If this season has felt like the mid-80s, what with the Merseyside sides' resurgence, it is appropriate Everton have flirted with Champions League, or European Cup, as it was known back then, qualification.
The 1985 Heysel disaster, and English clubs' subsequent five-year ban from European football, denied champions Everton from a tilt at club football's premier competition. It still rankles on the blue side of Stanley Park and has, arguably, intensified in the aftermath of their unfortunate elimination in the 2005 pre-qualifying round of the Champions League to Villarreal.
Everton would relish denying Liverpool a first championship since 1990. Only they would have to lose.
Manchester City, the visitors at Goodison Park on Saturday, are three wins away from regaining the Barclays Premier League title. Everton are four adrift of fourth-placed Arsenal, who entertain a struggling West Brom on Sunday, where a win will clinch their annual Champions League qualifying trophy. Roberto Martínez's side's top four chances are about as remote as an act of sportsmanship from Luis Suárez.
Liverpool travel to Crystal Palace on Monday, where a win will guarantee their return to the top, irrespective of City's result at the weekend, with one game remaining. City will fulfil their game in hand against Aston Villa on Wednesday ahead of the final day of the season, but so much hinges on the Everton match.
Goodison has rarely been good to City. They have lost on their last four trips there and last season effectively relinquished their title to United, when Nikica Jelavić's deflected effort looped over Joe Hart in front of the Gwladys Street end. Their last victory was so long ago the flat-track bully Robinho scored in a comfortable 2-0 win in 2009.
Toffees defender Sylvain Distin addressed the ambivalent issue a month ago.
“We’ve spoken about it with some of the staff and said: ‘What if we have to beat City to be in the Champions League but by doing that Liverpool win the league?’ ” Distin said.
“The funny thing is, some people would rather we don’t get Champions League as long as they don’t win the league. It’s mad.
“Personally I’d rather be in the Champions League. You can’t miss a chance for that. It would be amazing for the city if both clubs made it. I think deep down both sets of fans would like it if both clubs were in it.”
It is a scenario Liverpool are familiar with. On the final day of the 1994-95 season, they hosted Kenny Dalglish's Blackburn, vying for the title with Manchester United. As a luckless United drew 1-1 at Upton Park, Liverpool recovered from Alan Shearer's opener to beat Rovers 2-1, only it was academic. United's profligacy gifted Dalglish his fourth and final championship as a manager.

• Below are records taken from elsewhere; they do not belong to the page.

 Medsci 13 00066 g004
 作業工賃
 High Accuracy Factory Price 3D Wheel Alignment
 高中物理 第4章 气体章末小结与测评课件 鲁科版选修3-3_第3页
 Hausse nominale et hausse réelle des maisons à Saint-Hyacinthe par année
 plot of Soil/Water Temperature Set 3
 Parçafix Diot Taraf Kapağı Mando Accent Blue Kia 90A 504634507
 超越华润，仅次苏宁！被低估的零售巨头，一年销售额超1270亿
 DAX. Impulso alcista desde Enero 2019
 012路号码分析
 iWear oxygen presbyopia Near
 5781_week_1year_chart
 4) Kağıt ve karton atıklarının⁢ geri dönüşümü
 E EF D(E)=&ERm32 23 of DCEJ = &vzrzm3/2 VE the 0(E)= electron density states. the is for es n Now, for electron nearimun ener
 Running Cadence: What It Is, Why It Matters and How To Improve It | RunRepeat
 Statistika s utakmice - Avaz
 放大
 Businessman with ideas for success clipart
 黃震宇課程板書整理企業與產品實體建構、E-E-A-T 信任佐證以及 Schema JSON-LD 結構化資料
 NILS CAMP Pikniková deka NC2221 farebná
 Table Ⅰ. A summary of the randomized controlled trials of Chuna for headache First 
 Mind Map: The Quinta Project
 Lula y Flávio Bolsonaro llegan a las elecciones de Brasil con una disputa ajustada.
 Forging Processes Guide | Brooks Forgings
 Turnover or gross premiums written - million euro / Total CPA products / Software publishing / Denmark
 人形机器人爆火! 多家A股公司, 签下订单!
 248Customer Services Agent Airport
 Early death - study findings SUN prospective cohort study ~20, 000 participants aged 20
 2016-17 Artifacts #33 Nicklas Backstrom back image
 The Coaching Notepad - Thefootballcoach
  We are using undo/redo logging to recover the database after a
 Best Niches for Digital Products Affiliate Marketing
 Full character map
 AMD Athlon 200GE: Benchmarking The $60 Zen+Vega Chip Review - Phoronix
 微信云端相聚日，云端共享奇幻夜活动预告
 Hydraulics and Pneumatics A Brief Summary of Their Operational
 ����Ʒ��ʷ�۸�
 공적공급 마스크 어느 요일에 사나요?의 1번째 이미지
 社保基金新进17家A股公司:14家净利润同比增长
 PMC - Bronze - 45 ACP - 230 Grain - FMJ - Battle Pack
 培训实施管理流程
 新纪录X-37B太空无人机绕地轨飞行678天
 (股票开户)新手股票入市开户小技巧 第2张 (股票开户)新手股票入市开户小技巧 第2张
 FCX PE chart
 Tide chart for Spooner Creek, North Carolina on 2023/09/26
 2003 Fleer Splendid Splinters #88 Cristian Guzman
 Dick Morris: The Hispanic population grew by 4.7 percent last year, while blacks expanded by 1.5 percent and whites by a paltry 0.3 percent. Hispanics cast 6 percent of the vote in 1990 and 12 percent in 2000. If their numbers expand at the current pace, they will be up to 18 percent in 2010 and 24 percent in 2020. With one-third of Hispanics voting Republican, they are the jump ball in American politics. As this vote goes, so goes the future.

Four years ago, Liverpool faced a Chelsea side in their penultimate league match that would eventually beat United to the title by a point. Steven Gerrard, proving he can gift titles as well as risk throwing them away, played a backpass to Didier Drogba for the opening goal and Frank Lampard added a second in an easy win for Carlo Ancelotti's team.
Barcelona could face a similar predicament to Everton when they host Atlético Madrid in their last game of the Primera Liga. Provided Atlético win their next two games against Levante and Málaga, Barça cannot retain their title and the ruthless Real Madrid, two points behind with a game in hand on their nemesis, could come into the reckoning. It could be another awkward occasion.